As former senior public servant Dr Don Thornhill pointed out in a report on the tax last June, completed for the Department of Finance, this is not a sustainable option. Unless the tax is put on a fair basis it will either wither away, or face legal challenges.
The problem now is that two people can be living in houses of the same value with one paying the full tax and one paying nothing at all. Those exempted include anyone who bought a house to live in during 2013, or anyone who has bought a new home since then. These exemptions had been due to end in October 2016. However, the proposed new legislation extends this until October 2019. House prices values are also frozen up to then.
The Thornhill report suggested a new way of setting the tax, based on the funding needs of local authorities. This would start from current property tax levels, so that bills would remain stable, but could rise over time. It was an approach which could have avoided the politically lethal threat of higher property tax bills from 2017 on. The special exemptions should end, he says.
However, even this has been judged too risky. The Bill to be discussed this week kicks all the issues to touch and suggests that the existing exemptions be extended until 2019.
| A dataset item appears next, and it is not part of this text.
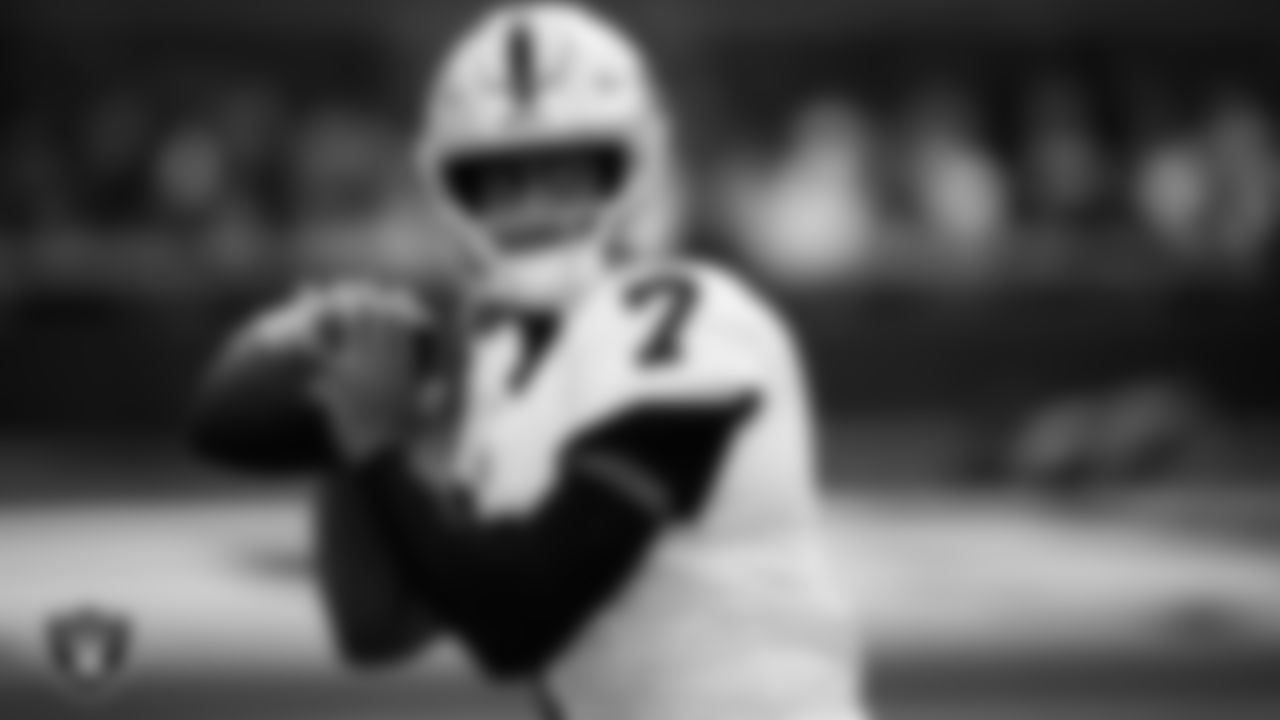 Las Vegas Raiders quarterback Geno Smith (7) warming up before the regular season away game against the Los Angeles Chargers at SoFi Stadium.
The Thornhill report outlined the dangers. The longer revaluations are left, the harder it is to do them, he warned, as the bigger the jump will be. It points to the gradual destruction of public confidence in the old local authority rates system to back this up. Meanwhile, legal challenges are also possible to clearly unfair regimes, as shown by at least one 1980s challenge to the agricultural rates system.
Unless the new government charts a fair way forward, the local property tax could slowly wither away. So much for widening of the tax base, one of the key lessons from the economic crisis.